そして3日、沖合でロシアとウクライナ、それに仲介役のトルコと国連が共同で、積み荷などの検査を行い、この後、船は最終目的地のレバノンに向かっています。

農産物の輸出について、ウクライナでは、さらに16隻の船が出港に向け待機しているとしていて、ゼレンスキー大統領は2日、「われわれの目標は、安定して穀物の輸出ができるようになることだ。船が次々と港に到着し、荷物を積んで出て行くことが、われわれの農産物を求める人々の望みだ」と述べました。

一方、ウクライナの戦況について、イギリス国防省は3日「ウクライナ軍が南部ヘルソン州でロシア軍の弾薬を運ぶ列車を攻撃し、クリミア半島とヘルソンを結ぶ鉄道が稼働し続ける可能性が非常に低くなっている」と指摘するなど、南部で支配地域の奪還を目指すウクライナ軍がロシアが支配する鉄道や橋など交通や物流の重要なルートに打撃を与える動きが伝えられています。

ロシア軍はこれに対応するため、ウクライナ東部から南部に部隊を移動させていると指摘され、攻防が激しくなる見通しで、ウクライナ南部の港から安全に農産物の輸出を継続できるかが焦点となっています。

積み荷検査の様子は

積み荷の検査には、ロシアとウクライナ、それにトルコと国連の4者が設置した共同調整センターの担当者およそ20人が当たり、港から小型の船で沖合に停泊している貨物船へと向かいました。

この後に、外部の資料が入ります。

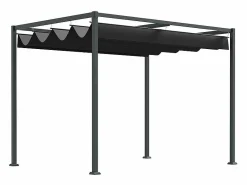 DripeX Pérgola autoportante en acero inoxidable, con techo de poliéster deslizante, 298 x 213 x 221 cm,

そして、はしごを使って、貨物船に乗り込み、登録されていない乗組員がいないかや、トウモロコシ以外の積み荷が隠されていないか、確認をしていました。

レバノンでは安どと歓迎の声

ウクライナ南部から穀物を積んだ最初の船は、今週中にも最終目的地の中東レバノンに到着する見通しです。深刻な食料不足に直面しているレバノンでは安どと歓迎の声が上がっています。

中東のレバノンは、小麦の輸入のおよそ7割をウクライナに依存していて、ロシアによる軍事侵攻の影響で、小麦などの穀物の供給不足に直面しています。

ウクライナ南部から穀物を積んだ最初の船は、3日にトルコのイスタンブール沖合で積み荷などの検査を受け、今週中にもレバノンに到着する見通しとなっています。

レバノンの経済・貿易省で小麦など穀物の輸入を担当するジョージス・バルバーリ部長は「ウクライナからの穀物の輸出再開の知らせは私たちの不安を解消し、希望を与えてくれた。これを皮切りに食料不足に直面しているレバノンを含め、世界の食の安定につながることを願っている」と期待感を示しました。

さらに、バルバーリ部長は「輸出再開を受けて、ウクライナから新たに1万トンを超える小麦の購入手続きを開始した。早ければ10日ほどで小麦が到着する予定だ」と述べ食料の供給不足の解消を急ぎたい考えを示しました。